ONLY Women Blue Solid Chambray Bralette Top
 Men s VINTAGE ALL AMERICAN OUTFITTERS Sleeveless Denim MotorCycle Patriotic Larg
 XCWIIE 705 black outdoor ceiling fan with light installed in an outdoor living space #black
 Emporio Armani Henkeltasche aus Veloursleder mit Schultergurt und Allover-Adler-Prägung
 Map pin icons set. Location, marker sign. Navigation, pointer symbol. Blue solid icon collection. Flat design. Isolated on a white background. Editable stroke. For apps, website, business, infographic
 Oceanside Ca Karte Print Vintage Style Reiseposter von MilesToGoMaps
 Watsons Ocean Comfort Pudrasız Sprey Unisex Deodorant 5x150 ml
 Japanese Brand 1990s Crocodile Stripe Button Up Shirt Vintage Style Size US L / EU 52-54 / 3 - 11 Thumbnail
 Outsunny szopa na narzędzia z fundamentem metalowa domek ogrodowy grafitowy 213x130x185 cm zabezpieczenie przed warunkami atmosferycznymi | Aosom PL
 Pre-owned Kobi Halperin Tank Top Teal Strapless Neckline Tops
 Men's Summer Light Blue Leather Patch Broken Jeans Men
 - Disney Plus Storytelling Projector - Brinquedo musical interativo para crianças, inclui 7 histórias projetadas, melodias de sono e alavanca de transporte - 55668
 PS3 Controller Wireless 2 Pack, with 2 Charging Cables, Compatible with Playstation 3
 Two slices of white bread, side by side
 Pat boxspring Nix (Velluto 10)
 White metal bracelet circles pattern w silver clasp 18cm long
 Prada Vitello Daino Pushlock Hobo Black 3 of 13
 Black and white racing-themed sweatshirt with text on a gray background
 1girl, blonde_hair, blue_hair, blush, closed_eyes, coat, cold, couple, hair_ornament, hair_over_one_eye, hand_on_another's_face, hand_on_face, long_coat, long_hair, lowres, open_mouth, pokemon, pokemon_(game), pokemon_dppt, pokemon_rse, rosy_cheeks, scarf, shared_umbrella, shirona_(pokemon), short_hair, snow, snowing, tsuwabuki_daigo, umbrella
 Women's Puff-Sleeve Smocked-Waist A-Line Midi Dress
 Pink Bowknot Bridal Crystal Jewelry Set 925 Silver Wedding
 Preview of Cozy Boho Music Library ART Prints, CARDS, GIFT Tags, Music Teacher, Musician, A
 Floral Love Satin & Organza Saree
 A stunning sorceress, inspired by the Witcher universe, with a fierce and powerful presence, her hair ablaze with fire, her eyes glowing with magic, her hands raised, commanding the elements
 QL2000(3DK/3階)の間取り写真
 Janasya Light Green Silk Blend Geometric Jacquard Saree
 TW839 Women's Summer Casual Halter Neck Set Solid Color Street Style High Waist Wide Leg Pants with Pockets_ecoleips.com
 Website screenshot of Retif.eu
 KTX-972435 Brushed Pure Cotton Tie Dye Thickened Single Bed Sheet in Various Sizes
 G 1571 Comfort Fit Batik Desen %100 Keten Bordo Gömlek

● Work order
Nothing but an exact copy of the records belongs in the answer.

● Solution to this problem
ONLY Women Blue Solid Chambray Bralette Top
 Men s VINTAGE ALL AMERICAN OUTFITTERS Sleeveless Denim MotorCycle Patriotic Larg
 XCWIIE 705 black outdoor ceiling fan with light installed in an outdoor living space #black
 Emporio Armani Henkeltasche aus Veloursleder mit Schultergurt und Allover-Adler-Prägung
 Map pin icons set. Location, marker sign. Navigation, pointer symbol. Blue solid icon collection. Flat design. Isolated on a white background. Editable stroke. For apps, website, business, infographic
 Oceanside Ca Karte Print Vintage Style Reiseposter von MilesToGoMaps
 Watsons Ocean Comfort Pudrasız Sprey Unisex Deodorant 5x150 ml
 Japanese Brand 1990s Crocodile Stripe Button Up Shirt Vintage Style Size US L / EU 52-54 / 3 - 11 Thumbnail
 Outsunny szopa na narzędzia z fundamentem metalowa domek ogrodowy grafitowy 213x130x185 cm zabezpieczenie przed warunkami atmosferycznymi | Aosom PL
 Pre-owned Kobi Halperin Tank Top Teal Strapless Neckline Tops
 Men's Summer Light Blue Leather Patch Broken Jeans Men
 - Disney Plus Storytelling Projector - Brinquedo musical interativo para crianças, inclui 7 histórias projetadas, melodias de sono e alavanca de transporte - 55668
 PS3 Controller Wireless 2 Pack, with 2 Charging Cables, Compatible with Playstation 3
 Two slices of white bread, side by side
 Pat boxspring Nix (Velluto 10)
 White metal bracelet circles pattern w silver clasp 18cm long
 Prada Vitello Daino Pushlock Hobo Black 3 of 13
 Black and white racing-themed sweatshirt with text on a gray background
 1girl, blonde_hair, blue_hair, blush, closed_eyes, coat, cold, couple, hair_ornament, hair_over_one_eye, hand_on_another's_face, hand_on_face, long_coat, long_hair, lowres, open_mouth, pokemon, pokemon_(game), pokemon_dppt, pokemon_rse, rosy_cheeks, scarf, shared_umbrella, shirona_(pokemon), short_hair, snow, snowing, tsuwabuki_daigo, umbrella
 Women's Puff-Sleeve Smocked-Waist A-Line Midi Dress
 Pink Bowknot Bridal Crystal Jewelry Set 925 Silver Wedding
 Preview of Cozy Boho Music Library ART Prints, CARDS, GIFT Tags, Music Teacher, Musician, A
 Floral Love Satin & Organza Saree
 A stunning sorceress, inspired by the Witcher universe, with a fierce and powerful presence, her hair ablaze with fire, her eyes glowing with magic, her hands raised, commanding the elements
 QL2000(3DK/3階)の間取り写真
 Janasya Light Green Silk Blend Geometric Jacquard Saree
 TW839 Women's Summer Casual Halter Neck Set Solid Color Street Style High Waist Wide Leg Pants with Pockets_ecoleips.com
 Website screenshot of Retif.eu
 KTX-972435 Brushed Pure Cotton Tie Dye Thickened Single Bed Sheet in Various Sizes
 G 1571 Comfort Fit Batik Desen %100 Keten Bordo Gömlek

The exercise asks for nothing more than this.